> _Material for this exercise_
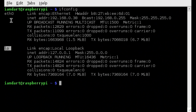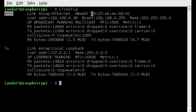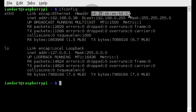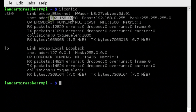We need to use the Ethernet interface and then identify the MAC address, the IP address, and the network mask.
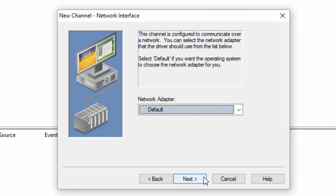Click Next and choose the appropriate network adapter you want to use for communications. This can be left at default if using the default adapter for this operating system.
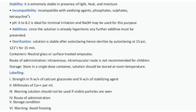Solution should be stored at room temperature. Labeling: 1. Strength in percent weight by volume of calcium gluconate. 2. Percentage weight by volume of stabilizing agent. 3. Millimoles of calcium per ml. 4. Warning: solution should not be used if visible particles are seen. 5. Route of administration. 6. Storage condition. Warning: Avoid freezing.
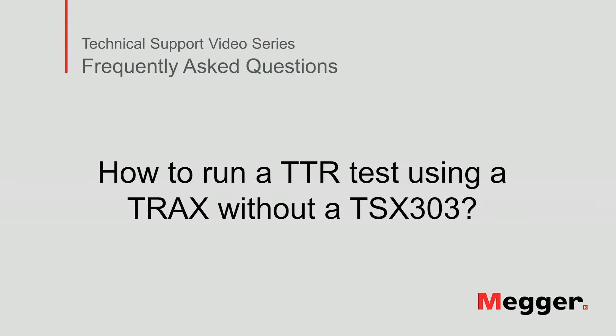Hello, welcome to Megger's technical support video series, Frequently Asked Questions. In this video, we will discuss how to run a TTR test using a TRAX without a TSX 303. Let's get started.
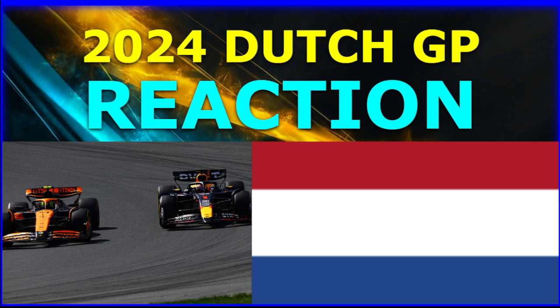Welcome to the F1 2024 Dutch Grand Prix reaction. I'm Sagan and today I'm unfortunately alone recording this video. Yeah, this time AJ just couldn't manage to make it, but I think I'll manage it myself.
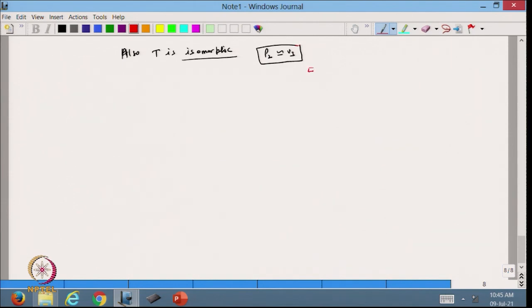In today's lecture we discussed some applications of the rank-nullity theorem, and we defined the inverse of the linear transformation T from vector space U to vector space V. In the next lecture we will continue with this topic. Thanks for watching.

> _What to produce_
Repeat the full listing above exactly, with no pictures in the copy.

> _Exercise output_
We need to use the Ethernet interface and then identify the MAC address, the IP address, and the network mask.
Click Next and choose the appropriate network adapter you want to use for communications. This can be left at default if using the default adapter for this operating system.
Solution should be stored at room temperature. Labeling: 1. Strength in percent weight by volume of calcium gluconate. 2. Percentage weight by volume of stabilizing agent. 3. Millimoles of calcium per ml. 4. Warning: solution should not be used if visible particles are seen. 5. Route of administration. 6. Storage condition. Warning: Avoid freezing.
Hello, welcome to Megger's technical support video series, Frequently Asked Questions. In this video, we will discuss how to run a TTR test using a TRAX without a TSX 303. Let's get started.
Welcome to the F1 2024 Dutch Grand Prix reaction. I'm Sagan and today I'm unfortunately alone recording this video. Yeah, this time AJ just couldn't manage to make it, but I think I'll manage it myself.
In today's lecture we discussed some applications of the rank-nullity theorem, and we defined the inverse of the linear transformation T from vector space U to vector space V. In the next lecture we will continue with this topic. Thanks for watching.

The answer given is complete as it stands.